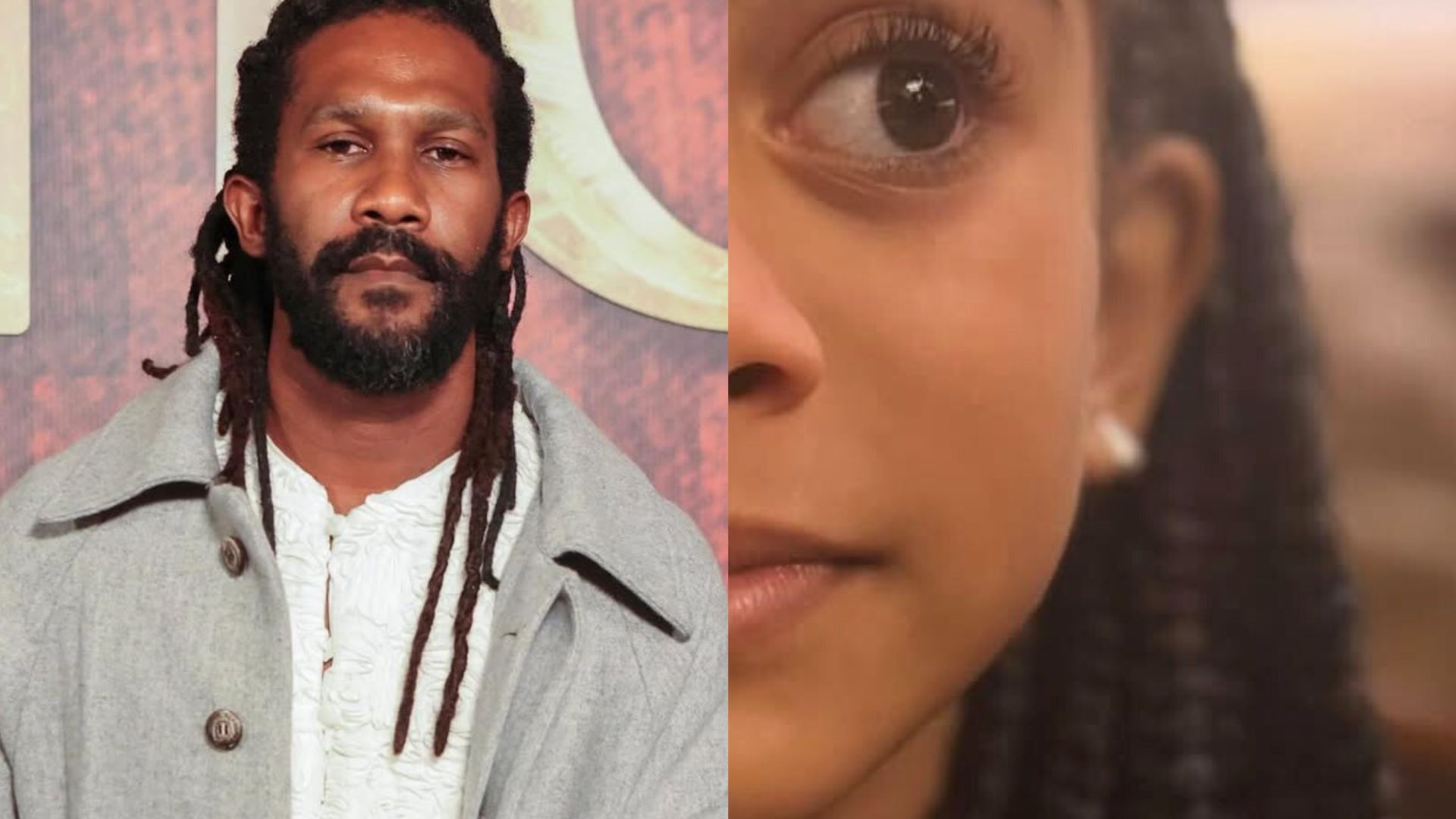 Filha de André Luiz Miranda encanta em fotos de aniversário de 10 anos; ator se declara: 'Minha princesa'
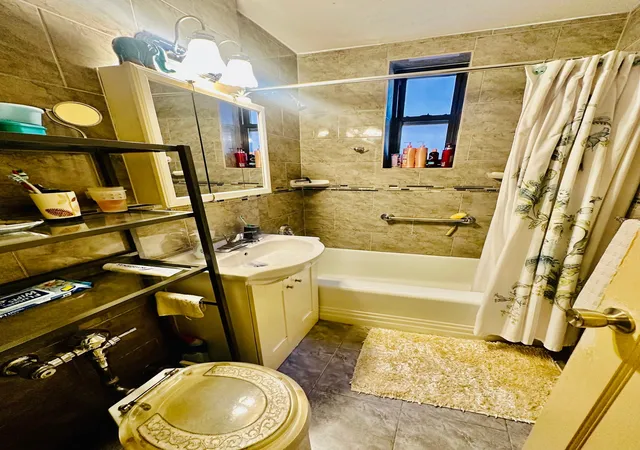5th image of 3535 Kings College Pl #4A, Bronx, NY 10467 | MLS# RLS20076182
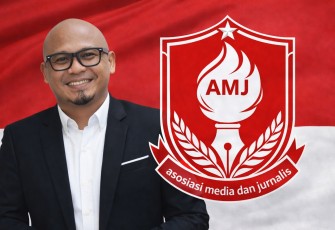 Foto : Istimewa 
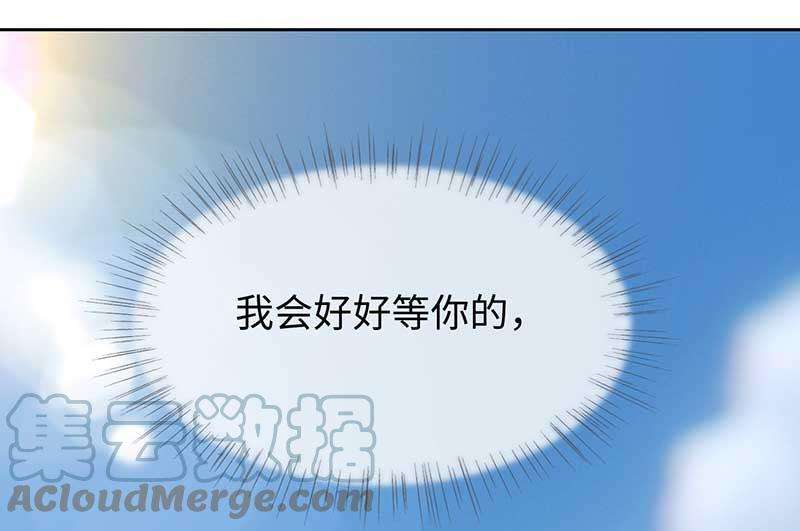 79.jpg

> _Task goal_
When copying, output the data exactly and leave out the pictures.

> _Exercise solution_
 Filha de André Luiz Miranda encanta em fotos de aniversário de 10 anos; ator se declara: 'Minha princesa'
5th image of 3535 Kings College Pl #4A, Bronx, NY 10467 | MLS# RLS20076182
 Foto : Istimewa 
 79.jpg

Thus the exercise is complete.